Voici la réponse de la PNA, qui révèle les chiffres et les problèmes du Yeksinaa (Exclusif)
La Couverture Maladie Universelle, une promesse qui tarde à être tenue?
Au poste de santé de Kaffrine 2, on se serait cru à un “afterwork” à 13 heures tapantes, tellement le personnel de santé n’avait pas de quoi s’occuper. Au menu de leurs discussions, des débats sur la mode, sur la famille et sur l’actualité, rien à voir avec ce pourquoi ils étaient en blouse.
Pourtant, on ne pouvait guère leur servir des reproches, car pas de médicament, pas de patient: la rupture est passée par là. Et c’est ce que confirme Mère Atta, Infirmière Chef de Poste, qui ne mâche pas ses mots.
“Yeskina nous avait permis de prendre en charge tous les malades en mettant à notre disposition les médicaments dont on avait besoin. Le problème qu’on a avec eux, c’est le remboursement. Depuis que la CMU a démarré, on ne travaille qu’avec les mutuelles de santé mais aussi avec l’Etat. Avec les bourses sociales, c’est l’Etat qui devait rembourser les mutuelles pour que celles-ci viennent nous payer. Mais, on peut rester six à sept mois sans que la dette ne soit honorée. Pourtant, c’est à travers ces tickets qu’on peut payer la facture de Yeksinaa mais aussi les travailleurs. A l’heure actuelle, il n’y a que l’Infirmière Chef de Poste (ICP) et la sage-femme qui sont payés par l’Etat. Le reste du personnel est pris en charge par les ressources propres du poste de santé”.

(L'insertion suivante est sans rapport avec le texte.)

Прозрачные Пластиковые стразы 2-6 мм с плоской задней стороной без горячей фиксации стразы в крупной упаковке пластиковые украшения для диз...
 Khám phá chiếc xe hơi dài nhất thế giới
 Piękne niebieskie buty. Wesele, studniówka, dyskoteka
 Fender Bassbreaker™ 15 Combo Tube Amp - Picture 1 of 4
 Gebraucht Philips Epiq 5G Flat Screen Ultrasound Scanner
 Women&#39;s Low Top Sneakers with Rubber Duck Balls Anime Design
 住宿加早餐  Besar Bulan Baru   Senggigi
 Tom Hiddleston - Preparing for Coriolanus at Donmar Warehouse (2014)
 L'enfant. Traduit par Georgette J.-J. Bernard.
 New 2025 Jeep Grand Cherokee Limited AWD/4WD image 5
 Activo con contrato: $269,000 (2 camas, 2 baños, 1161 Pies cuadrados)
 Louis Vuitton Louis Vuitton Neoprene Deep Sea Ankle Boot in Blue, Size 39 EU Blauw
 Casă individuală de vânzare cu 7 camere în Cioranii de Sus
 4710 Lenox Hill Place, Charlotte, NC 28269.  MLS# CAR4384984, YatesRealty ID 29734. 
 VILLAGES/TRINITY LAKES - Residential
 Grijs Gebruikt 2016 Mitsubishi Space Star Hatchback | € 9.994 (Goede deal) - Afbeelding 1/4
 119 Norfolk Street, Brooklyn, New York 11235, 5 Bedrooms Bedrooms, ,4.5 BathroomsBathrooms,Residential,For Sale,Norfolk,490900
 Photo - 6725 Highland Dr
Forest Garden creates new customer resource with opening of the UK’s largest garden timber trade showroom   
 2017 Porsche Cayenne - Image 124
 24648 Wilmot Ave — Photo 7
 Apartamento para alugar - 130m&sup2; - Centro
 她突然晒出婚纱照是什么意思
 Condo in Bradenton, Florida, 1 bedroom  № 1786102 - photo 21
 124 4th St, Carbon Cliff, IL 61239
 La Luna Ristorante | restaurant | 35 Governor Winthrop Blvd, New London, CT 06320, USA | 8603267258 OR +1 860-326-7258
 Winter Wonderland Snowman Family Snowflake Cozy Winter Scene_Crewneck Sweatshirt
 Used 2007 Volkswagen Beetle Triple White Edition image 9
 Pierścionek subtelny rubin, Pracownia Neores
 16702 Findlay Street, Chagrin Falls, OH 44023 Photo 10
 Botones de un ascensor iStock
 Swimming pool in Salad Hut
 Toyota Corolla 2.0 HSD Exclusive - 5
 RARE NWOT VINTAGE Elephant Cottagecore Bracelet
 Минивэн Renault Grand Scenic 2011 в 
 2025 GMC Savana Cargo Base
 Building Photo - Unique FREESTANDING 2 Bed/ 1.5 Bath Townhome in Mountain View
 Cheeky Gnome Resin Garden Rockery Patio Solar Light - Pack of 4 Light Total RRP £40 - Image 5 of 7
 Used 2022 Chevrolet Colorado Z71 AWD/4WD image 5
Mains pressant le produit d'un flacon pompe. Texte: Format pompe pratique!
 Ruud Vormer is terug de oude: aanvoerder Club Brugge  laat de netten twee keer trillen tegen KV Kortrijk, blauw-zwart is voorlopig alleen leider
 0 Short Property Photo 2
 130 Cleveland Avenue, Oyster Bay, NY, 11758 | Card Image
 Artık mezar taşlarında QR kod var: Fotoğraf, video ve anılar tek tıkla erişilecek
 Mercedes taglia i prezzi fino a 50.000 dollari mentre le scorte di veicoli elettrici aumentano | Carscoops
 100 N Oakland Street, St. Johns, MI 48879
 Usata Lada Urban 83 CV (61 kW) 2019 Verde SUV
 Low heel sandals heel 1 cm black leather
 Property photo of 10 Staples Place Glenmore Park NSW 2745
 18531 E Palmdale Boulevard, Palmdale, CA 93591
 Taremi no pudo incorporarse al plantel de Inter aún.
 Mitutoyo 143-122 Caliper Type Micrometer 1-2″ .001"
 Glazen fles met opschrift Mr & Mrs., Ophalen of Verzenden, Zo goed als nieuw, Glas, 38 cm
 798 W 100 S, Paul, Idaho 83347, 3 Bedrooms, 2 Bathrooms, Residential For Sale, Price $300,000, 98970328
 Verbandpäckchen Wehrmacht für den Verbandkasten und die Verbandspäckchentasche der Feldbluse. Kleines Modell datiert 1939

Des ressources devenues inexistantes, selon Mère Atta qui renseigne que la CMU, qui offre les médicaments aux enfants de 0 à 5 ans, n’a pas effectué de remboursement depuis plusieurs mois.
“La Couverture Maladie Universelle offre la possibilité aux personnes les plus démunies de bénéficier d’une couverture de risque maladie”, c’est ce qu’on lit sur le site officiel de l’agence de la CMU. Dans cette optique, les enfants de 0 à 5 ans bénéficient d’une gratuité pour accéder aux soins et aux médicaments. Une très belle initiative, qui, à priori assure l’équité dans la prise en charge médicale des enfants, mais qui a été décriée par les postes de santé. Pour eux, elle les tire vers le bas à cause du retard de remboursement.
“Lors des recouvrements, si la CMU ne rembourse pas les produits donnés gratuitement aux enfants, les postes de santé sont obligés de puiser dans leurs caisses pour payer le Yeksinaa. Après plusieurs mois et à force de payer les produits de la CMU, sans obtenir de leur part un remboursement, il y a problème”. C’est ce qu’explique le comité de santé de Ndoffane, une localité située à 30 km au sud de Kaolack.
Pour le trésorier du comité, la CMU constitue un frein pour le Yeskinaa. Il propose alors de mettre la CMU dans un autre programme ou à défaut, de leur donner les médicaments de la CMU gratuitement pour ne plus qu’il y ait de remboursement.
Seulement, il faut comprendre que les produits de la CMU représentent 15 à 20% du Yeksinaa.
C’est ce que rappelle le Dr Kane Ndeye Mbacké, Médecin Chef de District de Kaffrine, qui dénonce un problème de gestion. “Ce ne sont pas tous les médicaments de la CMU qui sont destinés aux enfants. S’il y a une bonne gestion, on devrait pouvoir faire un bon recouvrement des médicaments”, souligne t-elle.
Pour régler le problème, le Dr Demba Waar Sall Dieng, Médecin Chef de Poste de Ndoffane propose une meilleure collaboration entre le Yeskinaa et les structures sanitaires, en mettant en place des instances de coordination régulières afin de recueillir les avis des uns et des autres. Par ailleurs, il invite la CMU à procéder à un remboursement plus régulier.